On reflection, I probably agree that the answer is "yes" to the question as I phrased it. I think that if you take a random paper, the peer reviewers probably do have much more useful feedback than HN would.

However, if you limit the question to "papers which make bold conclusions of the type that generates lots of discussion on HN", I think HN will be more likely to find methodological flaws in those papers than the peer review process would. I think that's mostly because papers are optimized pretty hard not to have any problems which would cause them to be rejected by the peer review process, but not optimized very hard to not have other problems.

Which means, on average, I expect the HN comment section to have more interesting feedback about a paper, given that it's the sort of paper that gets lots of HN discussion, and also given that the author put a lot of effort into anticipating and avoiding the concerns that would come up in the peer review process.

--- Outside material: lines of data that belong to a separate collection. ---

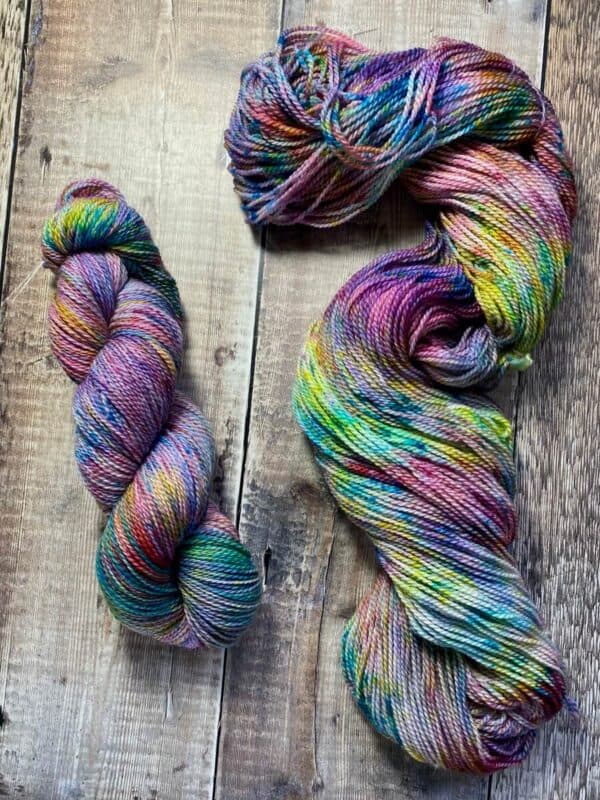 Two skeins of hand dyed jewel tone yarn with speckles, on table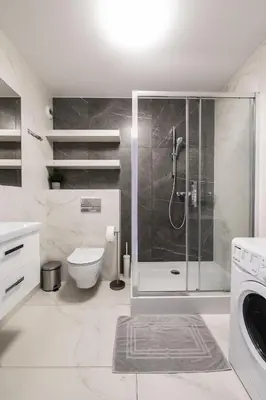 a white bathroom with a shower and a toilet at Sołtysowska Apartment in Kraków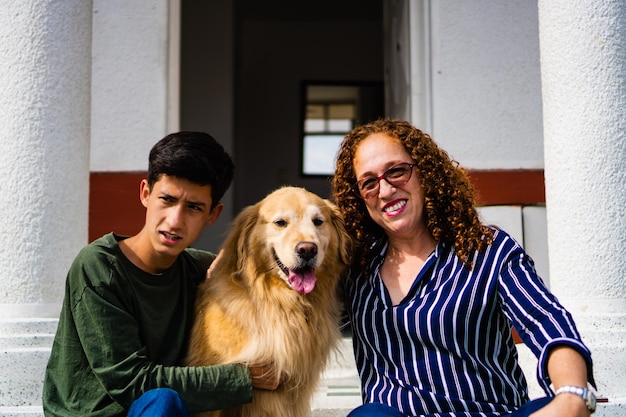 Maman latina avec son fils adolescent et son chien Golden retriever assis dans l'allée de leur maison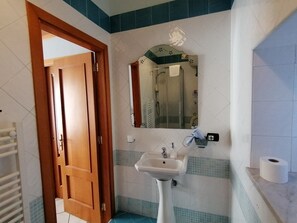 Habitación triple, vistas parciales al mar | Baño | Ducha, artículos de higiene personal gratuitos y secador de pelo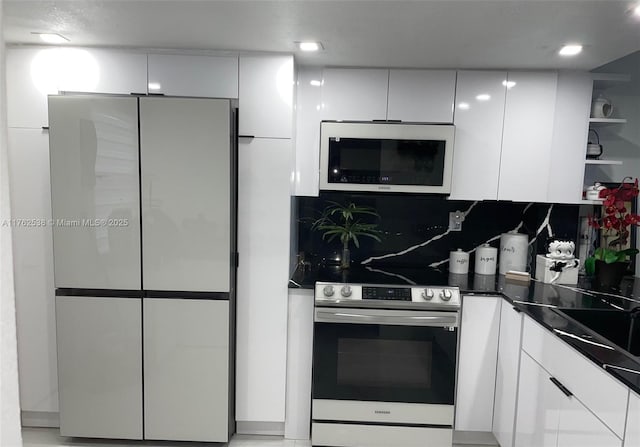 18555 NE 14th Ave Unit 609, Miami, FL 33179 - kitchen featuring stainless steel electric range, white cabinetry, white microwave, and freestanding refrigerator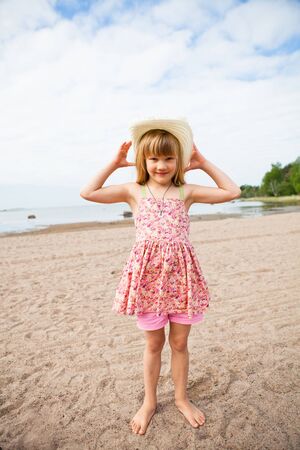 Smiling young barefoot girl wearing hat and pink patterned dress at beachの写真素材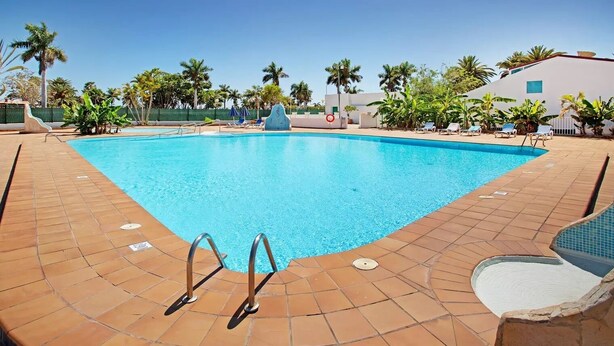 Ein rechteckiger Swimmingpool mit klarem, blauem Wasser, umgeben von einer gefliesten Liegefläche.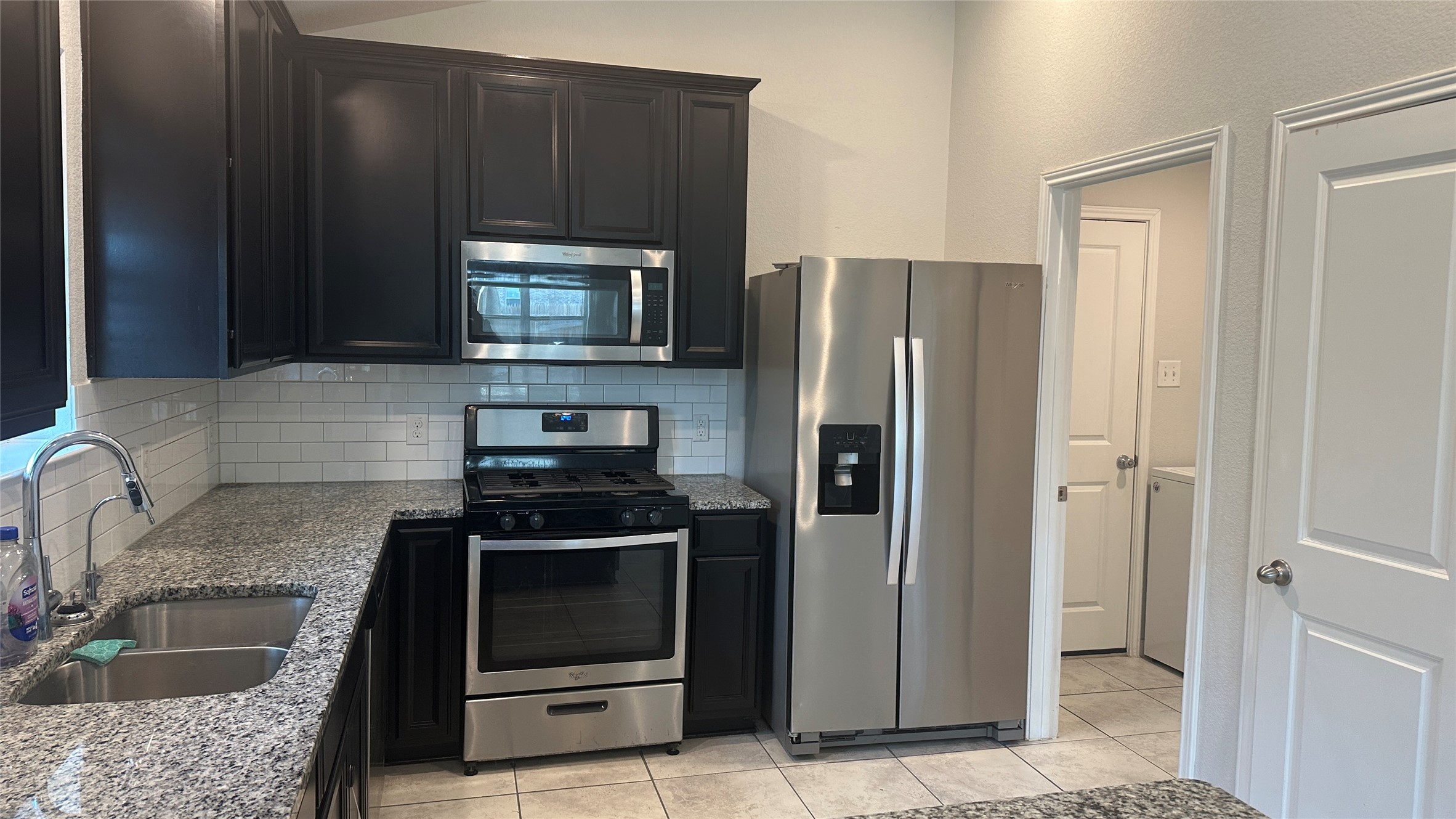 12321 Caldera Way Manor, TX 78653 - Photo 13 of 18 Kitchen with stainless steel appliances, light stone counters, decorative backsplash, light tile patterned floors, and dark cabinetry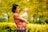 A woman in a red patterned shirt is holding a laughing baby outdoors surrounded by bright yellow and green foliage.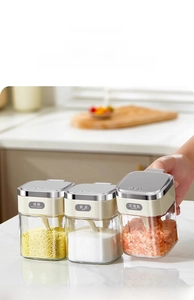 Three-piece kitchen seasoning jars with transparent glass and cream-colored flip lids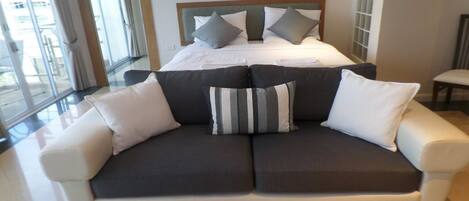 A modern hotel room with a large bed, a sofa, and a view of the outdoors.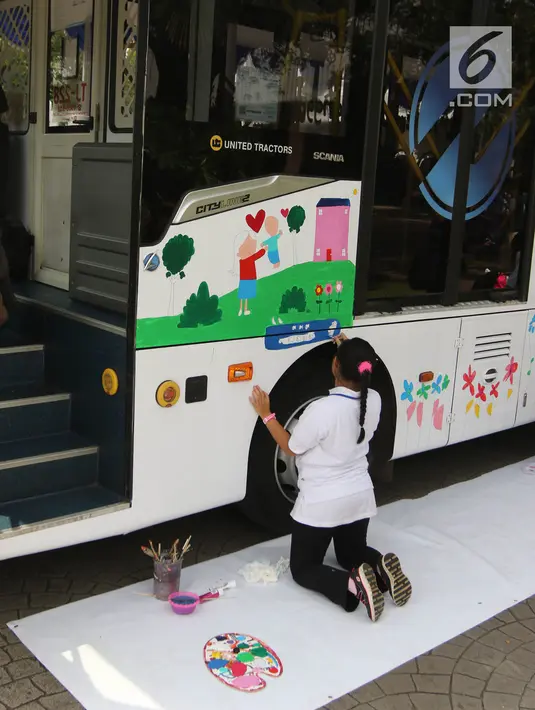 Seorang anak berkebutuhan khusus melukis bus Transjakarta di halaman Balai Kota, Jakarta, Jumat (20/4). Kegiatan tersebut dalam rangka memperingati Hari Kartini. Tema lukisan yang diangkat adalah ‘Ibuku Perempuan Tangguh’. (Liputan6.com/Arya Manggala)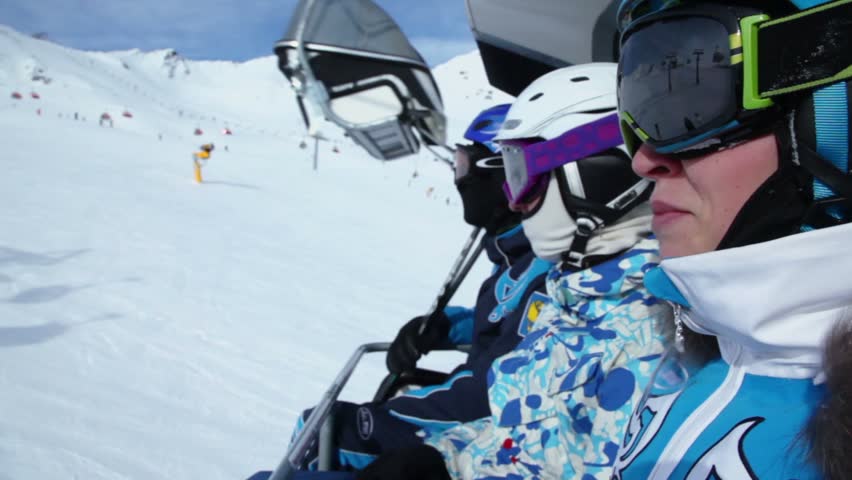 One of three skiers shows something by finger during ropeway ride at mountains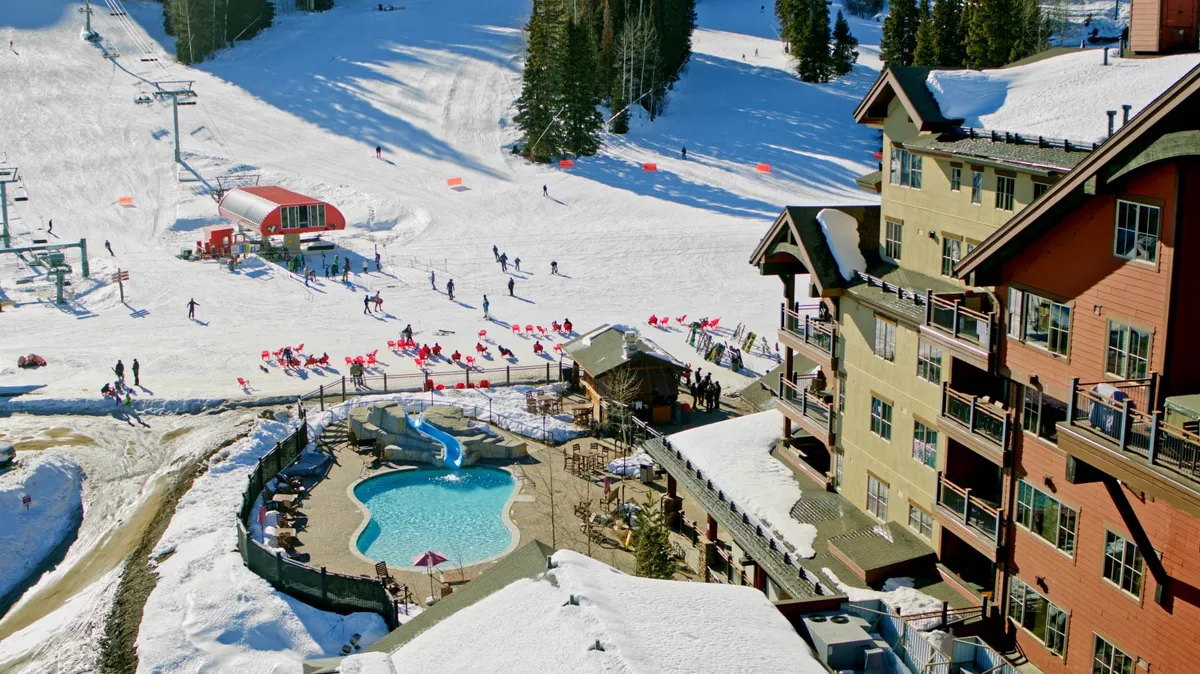 A wide exterior shot showcasing the Purgatory Townhomes complex set against the backdrop of snowy ski slopes, a bustling pool area, and the ski lift nearby. The architecture blends with the natural mountain scenery, evoking a sense of adventure and possibility.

Which, to a reader of HN, looks like "a lot of peer-reviewed papers have obvious flaws that are pointed out by the HN commentariat".

I do think, on the object level, a pre-print which the author intends to publish in a reputable journal will be improved more by fixing any problems pointed out by HN commenters than by fixing any problems pointed out by peer reviewers, and as such I think "post the pre-print on HN and collect feedback before peer review" is still a good step if the goal is to publish the best paper possible.


This is a considerably more thoughtful comment and I appreciate your reflection. I also can see how my initial response was a little broad and over-generalizing. I do think there is an interesting conversion in there about whether a group of technically minded people outside the "in group" of the peer reviewer circle (of whatever paper in question) could offer different and potentially important feedback.

Although I should add I have no background in academia and don't feel prepared to have that discussion.


> "post the pre-print on HN and collect feedback before peer review" is still a good step

It'll cause some journals to not publish your work.


I think that it depends on what journal we are talking about. Most of them have some biases in their processes, just as HN commenters also do.